In 1971 Bill Haley put down the roots for the Jackie Robinson West little league. With teams for boys ages 6 through high school and a minimal participation fee, there was a place on a team for every neighborhood boy who wanted to play. Girls could participate in the league as well as Haley issued them pompons and t-shirts and many rooted for their neighbors as cheer leaders. Games in Mt Vernon, later renamed Jackie Robinson, Park were community wide events as the whole neighborhood came to cheer on their boys. These were wholesome families; parents worked as nurses, teachers, police officers, and in various capacities for the city, and there was much parental involvement on most of the Little League teams. League alum David Harris, now an attorney in the Atlanta area, cites his years on Jackie Robinson West as molding his identity as a leader and team player. Harris lauds Bill Haley and Illinois senate leader Emil Jones as the builders of the league that played a role in generations of boys in the neighborhood. It was through this little league and all around community involvement, that families stayed in Mt Vernon as a safe place to raise new generations of ball players, cheerleaders, and wholesome kids. 

As the 1980s moved into the 1990s and then the 2000s, less and less African American children turned to baseball. Sports had become a year round endeavor as kids began to specialize in one sport for the entire year rather than play seasonally. With high participation fees for travel leagues, many African American kids turned to football and basketball as their sport of choice. If parents did not want to risk their kids becoming a statistic by venturing outside to a park, kids stayed home and played video games. Baseball was becoming an afterthought, and Major League Baseball wanted to do something to boost African American participation. Their RBI program aimed at inner city baseball leagues, had opened some eyes, but going forward, many kids prefer other sports to baseball fans even if baseball may be a safer alternative to football. From the major leagues to little league, administrators looked for new ways to encourage African Americans to turn to baseball as their sport of choice. 

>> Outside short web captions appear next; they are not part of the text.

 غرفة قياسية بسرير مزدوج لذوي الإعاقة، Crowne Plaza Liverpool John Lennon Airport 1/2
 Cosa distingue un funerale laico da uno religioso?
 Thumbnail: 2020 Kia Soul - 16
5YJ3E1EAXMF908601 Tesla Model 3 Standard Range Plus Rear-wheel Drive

The 2014 Jackie Robinson West Little League Team came along at a time when both little league participation and Chicago Major League Baseball was at an all time low. Yet, the team did the unthinkable: the boys made it all the way to the Little League World Series and then made it to the championship game. The boys known as JRW had won America’s hearts and become the feel good story of the year and more importantly increased exposure and television ratings. Yet, according to community members, JRW was not a Cinderella Story. The boys on the team came from two parent, middle class families, and both parents worked with their sons to mold them into top ballplayers, students, and leaders. Galvanized by the team, the community met for watch parties and the city finally had a baseball team to cheer about. Even in a summer with more gang shootings than ever, for two weeks the murder rate was down as people all across Chicago met to watch their boys compete for a title. 

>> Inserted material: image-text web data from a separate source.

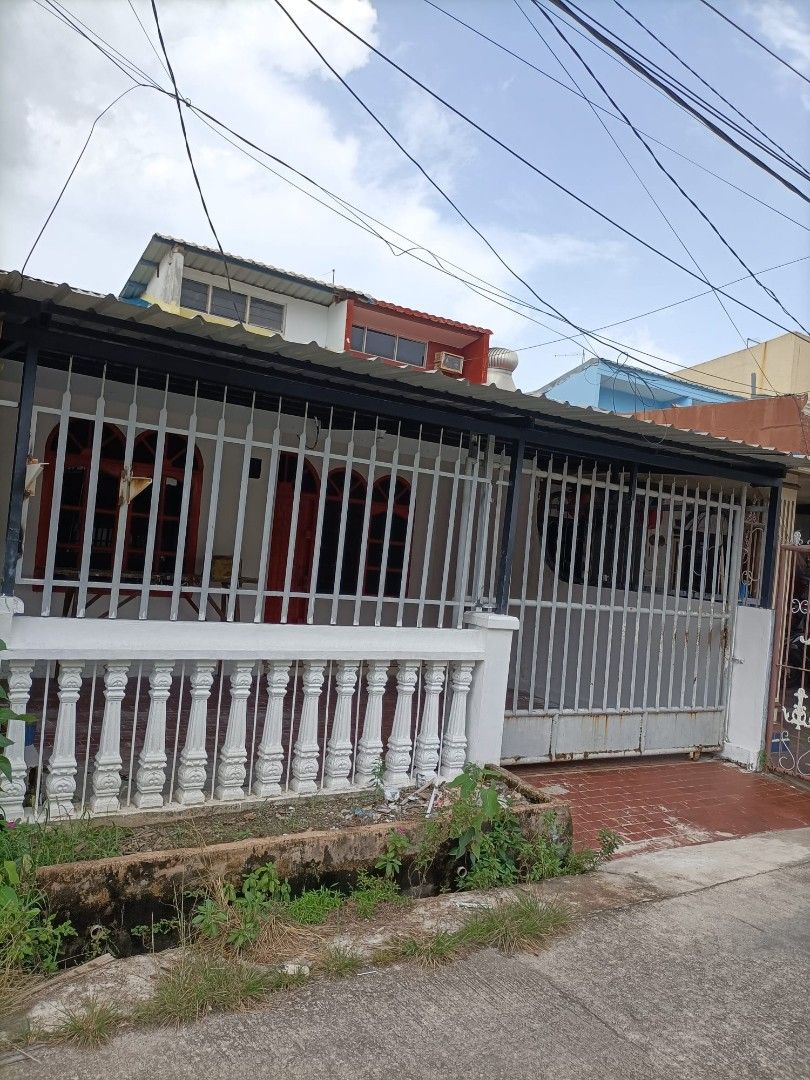 Terrace house in Batam Windsor Park63226190217986111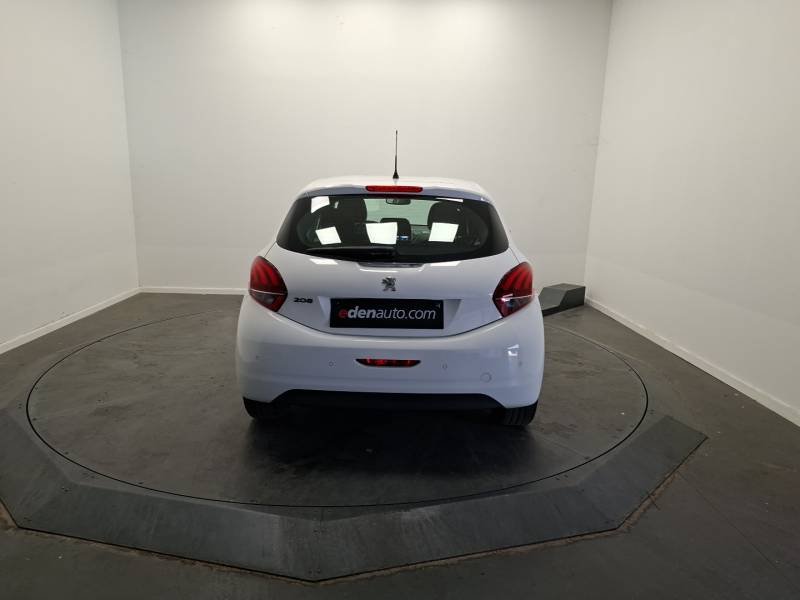 Peugeot 208 - Photo 4
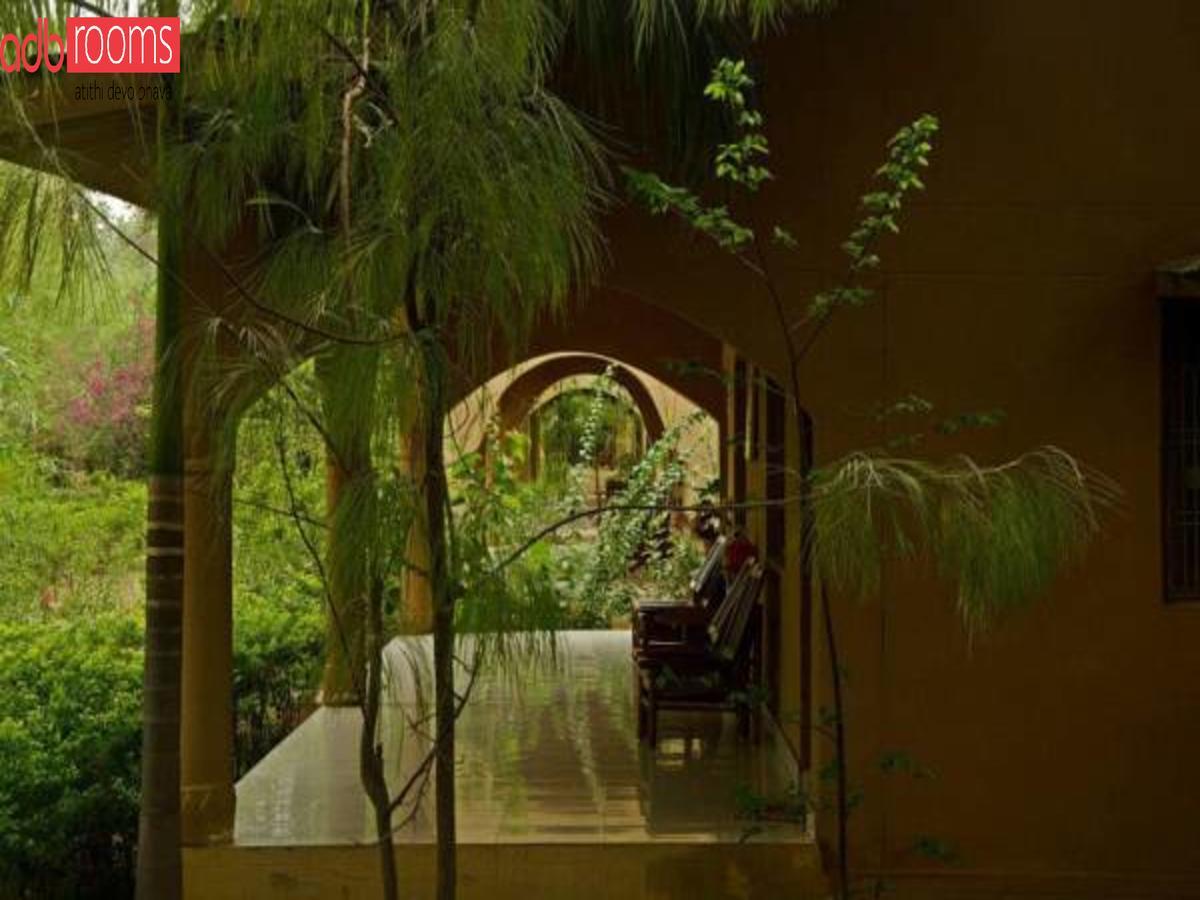 Adb Rooms Ashoka Resort Tala  ภายนอก รูปภาพ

Five years later some members of the 2014 JRW team, now associated with Cal Ripken League, are finishing high school and eligible for major league baseball’s draft. With the draft this week, it will be interesting to see if some of the boys made it. In 2014, the Jackie Robinson West team was the feel good story of the summer. The boys were noticed by African American Major League ball players and the president of the United States. They made their community proud and allowed Chicago to be known for something positive. George Castle, a native Chicagoan, has done a fine job of documenting the Mt Vernon community and Jackie Robinson Little League as one built to last by community leaders and should be commended and used as an example by inner city communities across the United States.